我有一个类似于此
的data.frameid <- c(1,1,1,2,2,3,3,3,3,3)
action <- c("for","l","for","f","l","l","for","for","for","f")
time <- c(45,35,24,56,100,121,30,10,35,143)
dframe <- data.frame(id,action,time)
只有动作“for”在每个唯一ID中的连续行中重复。我想将这些行折叠成一行,将行动时间总计为“for”。我想只在每个唯一ID中进行此操作并且当它们彼此跟随时(如id == 3,而不是id == 1)
我尝试了以下代码,但这并没有区分一个接着一个接一个的动作,而是将唯一ID中所有出现的“for”相加。
aggregate(action_time ~ id + act, data=mean.event, FUN=sum)
感谢您的时间。
答案 0 :(得分:2)
使用rle()
,inverse.rle()
和 data.table 包:
## Reproduce example data, naming it df and setting stringsAsFactors=FALSE
id <- c(1,1,1,2,2,3,3,3,3,3)
action <- c("for","l","for","f","l","l","for","for","for","f")
time <- c(45,35,24,56,100,121,30,10,35,143)
df <- data.frame(id,action,time, stringsAsFactors=FALSE)
## Use rle() and inverse.rle() to give each run of "for"s a distinct name
r <- rle(df$action)
r$values <- paste0(r$values, seq_along(r$values))
(r <- inverse.rle(r))
# [1] "for1" "l2" "for3" "f4" "l5" "l5" "for6" "for6" "for6" "f7"

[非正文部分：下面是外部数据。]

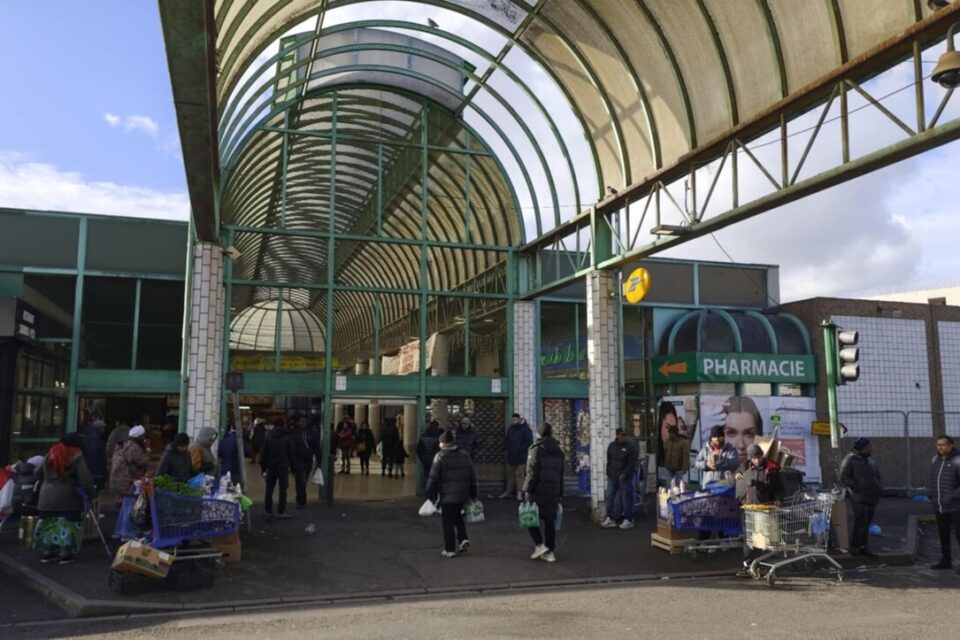L'entrée de la Halle Mandela, ici vue du côté du centre commercial Beau Sevran, devrait être détruite dans le cadre de la restructuration du quartier en lien avec l'arrivée de la ligne 16 du Grand Paris Express.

## Use data.table to subset by run of "for"s *and* by id, collapsing only
## sub-data.tables consisting of consecutive "for"s within an id.
library(data.table)
dt <- data.table(df)
dt[ , if(action[1]=="for") {
X <- .SD[1,]
X$time <- sum(time)
X
} else {.SD},
by=list(r, id)][,-1,with=FALSE]
# id action time
# 1: 1 for 45
# 2: 1 l 35
# 3: 1 for 24
# 4: 2 f 56
# 5: 2 l 100
# 6: 3 l 121
# 7: 3 for 75
# 8: 3 f 143
答案 1 :(得分:1)
您可以创建一个虚拟变量,指示是否满足约束条件。 例如,虚拟变量“x1”对于每个组连续行都是唯一的,其中action ==“for”:
dframe$x1 <- with(dframe, cumsum(c(1,action[1:(length(action)-1)] != action[2:length(action)])))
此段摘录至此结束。